With respect to the first ground, the record before Us does not show that Victoriana Carian had any unpaid debts. Indeed, no allegation to this effect was made in appellee’s petition of March 21, 1955, and no evidence has ever been taken in connection therewith, either before or after said petition was granted. However, said opposition to the motion for reconsideration cites the debts specified in the decision and in the compromise agreement in Civil Case No. 6936, and the sums of P1,200 and P2,000 allegedly due, respectively, to Eugenia Gargalicano and Crisostomo Abdin, from Victoriana Carian, at the time of her death on May 9, 1938.

It is important to note, in this connection, that the order appealed from was issued on April 2, 1955, or about seventeen (17) years later, and over eighteen (18) years since the rendition of the aforementioned decision. In the absence of proof to the contrary — and there is none to this effect — we must presume, therefore, that the cause of action of the creditors of Guillermo Nombre and Victoriana Carian had prescribed long ago. In fact, considering that none of those creditors has complained against the issuance of Transfer Certificate of Title No. T-9084, in favor of Gregorio Carian, in 1952, or deemed it fit to intervene in the present case, there is every reason to believe that their respective claims must have been fully settled. What is more, section 1 of Rule 74 of the Rules of Court explicity provides that "it shall be presumed that the decedent left no debts if no creditor files a petition for letters of administration within two (2) years after the death of the decedent," and no such petition has ever been filed. In any event, insofar as said transfer certificate of title may be injurious to their interest, said creditors, if any, are the only parties who could possibly seek a relief against the issuance thereof. Neither the register of deeds nor the heirs of Guillermo Nombre have a cause of action therefor.

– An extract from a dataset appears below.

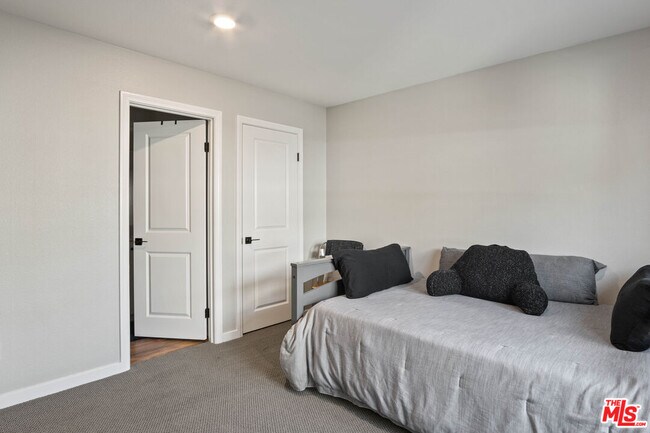 Building Photo - 716 Sienna Way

Moreover, it appears that, after the issuance of Transfer Certificate of Title No. T-9084, Lot No. 1516, covered by the same, had become the subject-matter of a deed of lease executed — presumably by Gregorio Carian — in favor of one Espiridion Presbitero and duly filed with the office of the register of deeds, as well as annotated on the back of said transfer certificate of title. The cancellation of this title would affect the rights of said lessee, who has not been heard, or given an opportunity to be heard, prior to the issuance of the order appealed from.

Apart from the foregoing, neither the appellee nor the lower court has cited, and we are not aware of, any legal provision or authority in favor of the theory that the decision in Civil Case No. 6936 can not be registered and cannot justify the cancellation of Original Certificate of Title No. 21625 (RO-1634) and the issuance of Transfer Certificate of Title No. T-9084, without previous confirmation by the cadastral court.

In view of the foregoing, the order appealed from should be, as it is hereby, set aside and reversed, without special pronouncement as to costs. It is so ordered.

Paras, C.J., Bengzon, Padilla, Montemayor, Reyes, A. Bautista Angelo, Labrador, Reyes, J. B. L., Endencia and Felix, JJ., concur.